000002a100a955d0 unix:die+9c (34, 2a100a958b0, 33, 0, 2a100a95690, c1e00000)
   %l0-3: 00000000c0800000 0000000000000034 0000000000000000 00000300000715f0
   %l4-7: 0000030000071640 000000000000000d 0000000000000001 0000000001076000
000002a100a956b0 unix:trap+690 (2a100a958b0, 10009, 0, 80000b, 0, 300016fe9a0)

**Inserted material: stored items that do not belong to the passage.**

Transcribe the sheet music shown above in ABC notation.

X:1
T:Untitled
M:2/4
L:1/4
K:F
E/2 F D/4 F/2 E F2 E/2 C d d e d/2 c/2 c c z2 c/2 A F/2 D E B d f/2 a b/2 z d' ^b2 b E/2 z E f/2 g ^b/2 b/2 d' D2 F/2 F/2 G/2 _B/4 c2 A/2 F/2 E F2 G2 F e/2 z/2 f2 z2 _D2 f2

   %l0-3: 0000000000000000 00000600006c57e0 0000000000000034 000006000514ae20
   %l4-7: 0000000000000000 0000000000000000 000000000000f000 0000000000010200
000002a100a95800 unix:ktl0+48 (60003ebbda0, 0, 242, 33, 33, 3)
   %l0-3: 0000000000000003 0000000000001400 0000000080001602 000000000101aa04
   %l4-7: 0000060000830000 0000000000000cc0 0000000000000000 000002a100a958b0
000002a100a95950 genunix:getproc+11c (2a100a95ad8, 0, 600006c57e0, 60005035bc0, 
600006c57e0, 1837400)
   %l0-3: 0000060003ebbda0 00000000018a5c00 0000000000000000 ffffffffffffffff
   %l4-7: 0000060005035bd8 0000060005035fd0 0000000000000242 0000000000000000
000002a100a95a00 genunix:cfork+94 (0, 1, 0, 1, 600006c57e0, 0)

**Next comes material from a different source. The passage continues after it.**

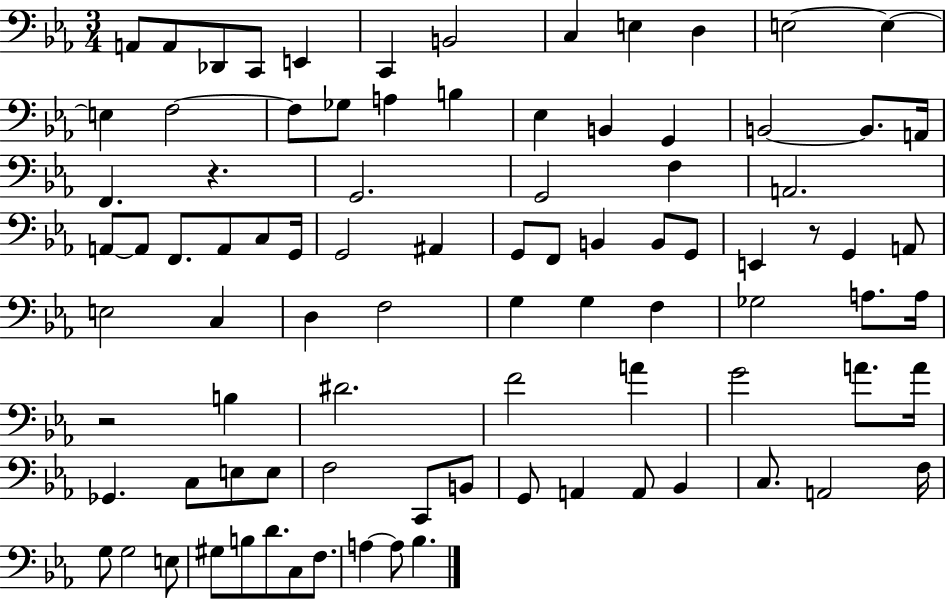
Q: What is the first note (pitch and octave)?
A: A2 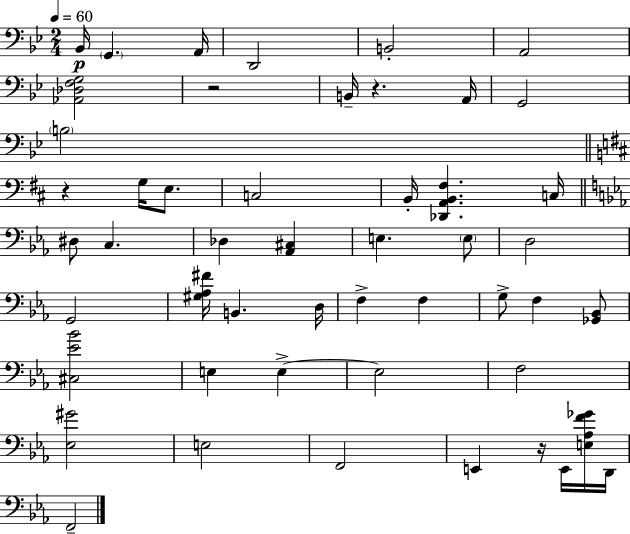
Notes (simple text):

Bb2/s G2/q. A2/s D2/h B2/h A2/h [Ab2,Db3,F3,G3]/h R/h B2/s R/q. A2/s G2/h B3/h R/q G3/s E3/e. C3/h B2/s [Db2,A2,B2,F#3]/q. C3/s D#3/e C3/q. Db3/q [Ab2,C#3]/q E3/q. E3/e D3/h G2/h [G#3,Ab3,F#4]/s B2/q. D3/s F3/q F3/q G3/e F3/q [Gb2,Bb2]/e [C#3,Eb4,Bb4]/h E3/q E3/q E3/h F3/h [Eb3,G#4]/h E3/h F2/h E2/q R/s E2/s [E3,Ab3,F4,Gb4]/s D2/s F2/h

   %l0-3: 0000000000000000 0000000000000000 00000000b8680000 000000000000b868
   %l4-7: 0000000000000001 0000000000000000 0000000000000000 0000000000000000

panic: entering debugger (continue to save dump)

Welcome to kmdb
kmdb: unable to determine terminal type: assuming `vt100'
Loaded modules: [ zfs ]
[0]>

Any suggestions on what to look for?